## Records supplied:

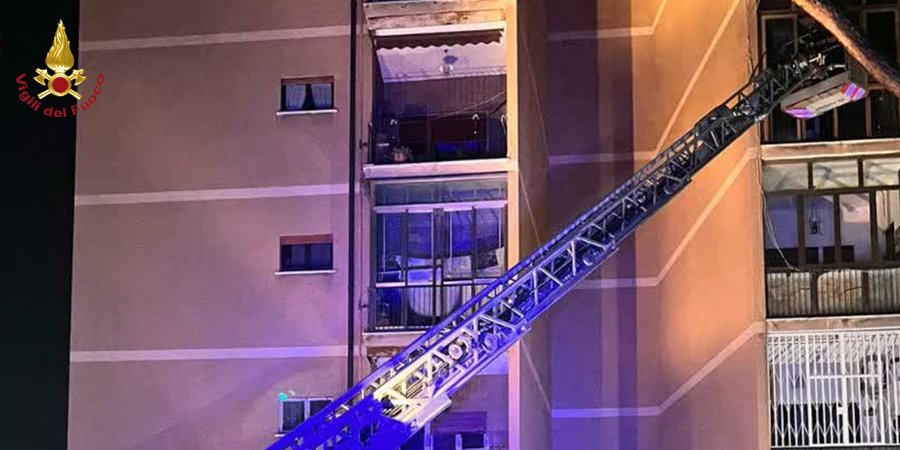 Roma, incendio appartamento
--
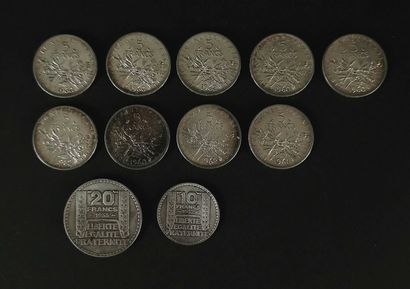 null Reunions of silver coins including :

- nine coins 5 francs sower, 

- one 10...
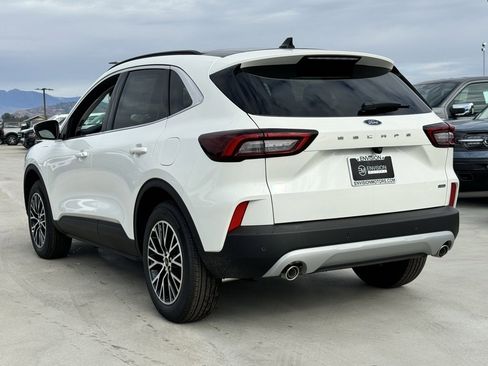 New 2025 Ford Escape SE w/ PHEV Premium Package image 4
---
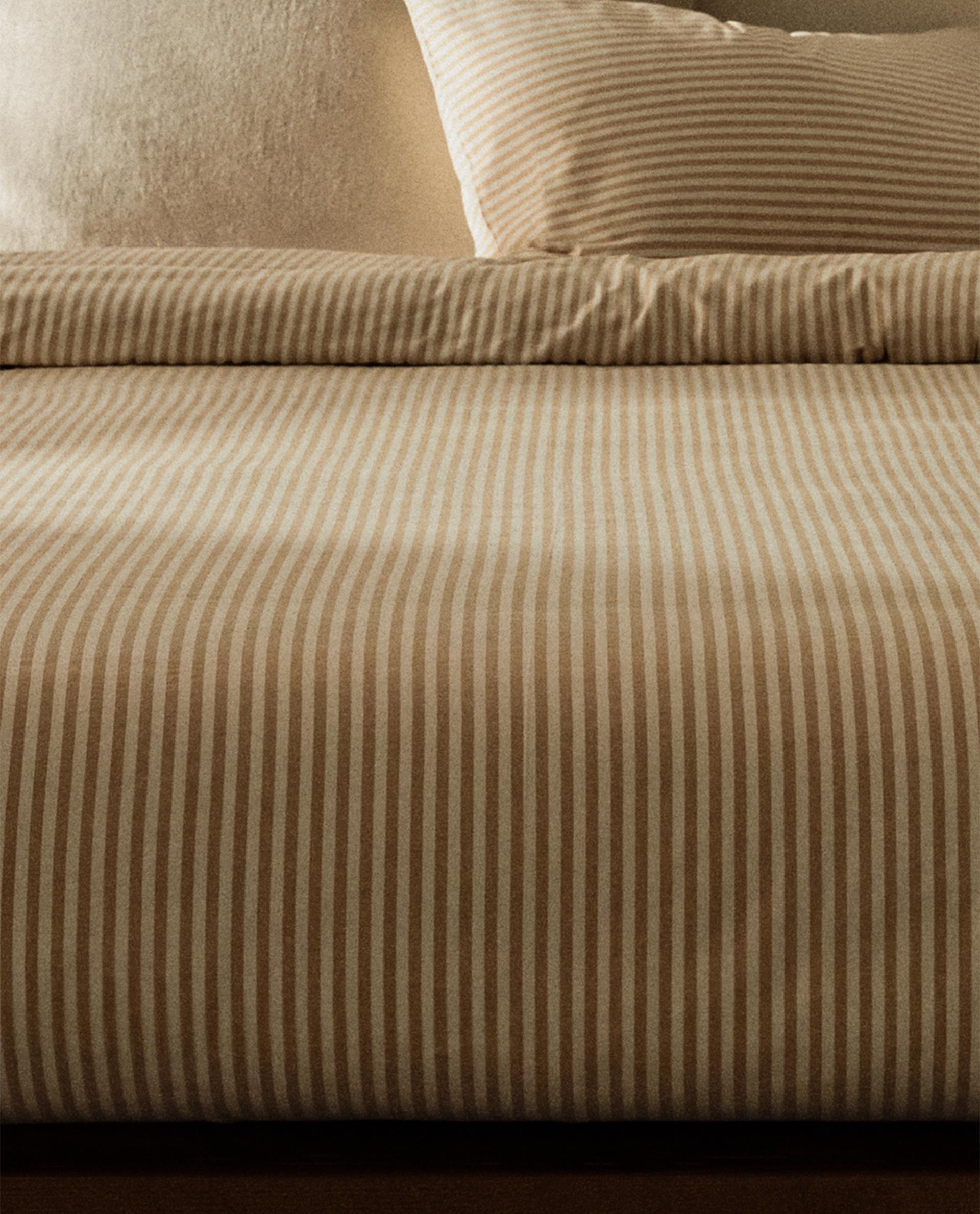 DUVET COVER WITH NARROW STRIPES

## Task:
Leaving all pictures out, output exactly the lines of the material above from the line with "- nine coins" to the line with "New 2025 Ford", both included.

## Task result:
- nine coins 5 francs sower, 

- one 10...
 New 2025 Ford Escape SE w/ PHEV Premium Package image 4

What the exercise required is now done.